Anti-immigration Hungarian President Viktor Orban has unveiled his Government’s plan to keep the country’s birth rate from falling without relying on immigrants. Mr Orban said Hungary has found a different solution than the one being adopted by “the West”. Western countries, he said, found the answer to falling birth rates in Europe in immigration. He said: “For every missing child, there should be one coming in and then the numbers will be fine.” However, Hungarians “think differently.”
He continued: "We do not need numbers.

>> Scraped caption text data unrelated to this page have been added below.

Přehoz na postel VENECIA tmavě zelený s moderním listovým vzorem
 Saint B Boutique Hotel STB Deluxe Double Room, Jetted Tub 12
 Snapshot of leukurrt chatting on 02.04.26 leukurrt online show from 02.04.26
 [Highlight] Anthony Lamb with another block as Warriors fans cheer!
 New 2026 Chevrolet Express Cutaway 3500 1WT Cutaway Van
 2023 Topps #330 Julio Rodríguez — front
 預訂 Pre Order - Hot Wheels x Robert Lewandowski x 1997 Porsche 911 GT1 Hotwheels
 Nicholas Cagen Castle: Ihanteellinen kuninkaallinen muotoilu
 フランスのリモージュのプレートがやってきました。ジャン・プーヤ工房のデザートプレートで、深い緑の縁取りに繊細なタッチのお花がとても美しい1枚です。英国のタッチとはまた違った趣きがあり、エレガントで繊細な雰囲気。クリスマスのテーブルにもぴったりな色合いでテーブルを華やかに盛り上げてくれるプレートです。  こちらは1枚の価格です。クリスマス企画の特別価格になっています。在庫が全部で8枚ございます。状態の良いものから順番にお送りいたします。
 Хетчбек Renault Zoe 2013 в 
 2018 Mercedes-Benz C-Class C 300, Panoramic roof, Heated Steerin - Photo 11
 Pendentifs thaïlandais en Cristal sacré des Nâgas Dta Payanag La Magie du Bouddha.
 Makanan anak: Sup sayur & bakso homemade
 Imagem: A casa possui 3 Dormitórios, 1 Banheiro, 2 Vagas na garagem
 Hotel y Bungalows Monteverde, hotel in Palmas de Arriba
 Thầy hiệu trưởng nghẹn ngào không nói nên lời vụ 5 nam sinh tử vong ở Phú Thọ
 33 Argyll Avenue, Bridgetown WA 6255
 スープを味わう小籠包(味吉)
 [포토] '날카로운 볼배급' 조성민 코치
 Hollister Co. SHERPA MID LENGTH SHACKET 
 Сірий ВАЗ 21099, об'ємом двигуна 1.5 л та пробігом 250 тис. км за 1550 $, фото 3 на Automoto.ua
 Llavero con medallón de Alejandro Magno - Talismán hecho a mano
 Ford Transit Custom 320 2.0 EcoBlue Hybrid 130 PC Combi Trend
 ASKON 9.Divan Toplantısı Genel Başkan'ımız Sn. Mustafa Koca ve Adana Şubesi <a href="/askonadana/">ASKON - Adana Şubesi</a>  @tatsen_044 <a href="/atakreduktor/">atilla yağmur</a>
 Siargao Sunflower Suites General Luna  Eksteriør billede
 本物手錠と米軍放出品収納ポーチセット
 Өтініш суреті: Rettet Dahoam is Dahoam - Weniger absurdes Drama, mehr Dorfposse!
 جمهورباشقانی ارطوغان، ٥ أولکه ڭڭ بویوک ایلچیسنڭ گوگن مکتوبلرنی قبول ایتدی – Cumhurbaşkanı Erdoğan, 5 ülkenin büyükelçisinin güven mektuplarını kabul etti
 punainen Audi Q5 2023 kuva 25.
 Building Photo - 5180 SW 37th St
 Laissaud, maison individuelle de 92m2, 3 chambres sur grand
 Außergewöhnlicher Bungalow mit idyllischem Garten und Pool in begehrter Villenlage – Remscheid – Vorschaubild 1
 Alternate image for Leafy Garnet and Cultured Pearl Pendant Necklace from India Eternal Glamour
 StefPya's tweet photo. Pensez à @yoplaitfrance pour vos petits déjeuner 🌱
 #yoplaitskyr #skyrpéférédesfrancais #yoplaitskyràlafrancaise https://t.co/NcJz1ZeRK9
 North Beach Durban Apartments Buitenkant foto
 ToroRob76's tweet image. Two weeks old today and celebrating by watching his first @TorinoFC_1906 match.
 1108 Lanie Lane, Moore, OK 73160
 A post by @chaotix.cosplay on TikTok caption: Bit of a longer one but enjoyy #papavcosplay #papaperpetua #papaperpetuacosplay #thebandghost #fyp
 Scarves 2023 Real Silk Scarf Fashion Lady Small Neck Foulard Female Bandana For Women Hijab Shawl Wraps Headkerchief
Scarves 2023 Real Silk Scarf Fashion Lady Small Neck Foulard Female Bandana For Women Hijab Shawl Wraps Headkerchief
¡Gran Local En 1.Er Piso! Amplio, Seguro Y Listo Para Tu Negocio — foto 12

We need Hungarian children."
Mr Orban finished his speech saying: “Long live Hungary and long live the Hungarians!”
The Hungarian President has adopted a harsh stance against immigration, openly opposing the EU's immigration policy and refusing to take in the quota of immigrants from outside the bloc imposed by Brussels.
Hungary’s population is falling by 32,000 a year, with the country’s women having fewer children than the EU average.
While the average number of children women in the EU have in their lifetime is 1.58, Hungary can only count 1.45.
The seven-point plan unveiled by Mr Orban to boost the birth rate in Hungary presents incentives for both mothers and young couples.
Under these plans, Hungarian mothers with four or more children will be exempted for life from paying income tax.
And young couples will be offered interest-free loans of £27,400 (10 million Hungarian forints) to be cancelled once they have three children.
The plan, which was launched during Mr Orban’s state of the nation address, included a pledge to create 21,000 nursery places over the next three years, an extra £1.94bn ($2.5bn) to be spent on the country's healthcare system and housing subsidies.
The EU member state counting the highest fertility rate is France, set at 1.92 children per woman on average.
Spain and Italy are performing even worse than Hungary, with their fertility rates at 1.34, according to EU statistics agency Eurostat.
Hungary’s plan of boosting births by giving financial support to families has already been tried and tested by other countries around the world.
Germany has given parents a legal right to a nursery place once their child turn one and has laws granting lower childcare fees to parents in financial difficulties.
Italy gives mothers a monthly allowance of £70 (€80) per month for every child - with poorest families receiving £140.24 (€160) per child.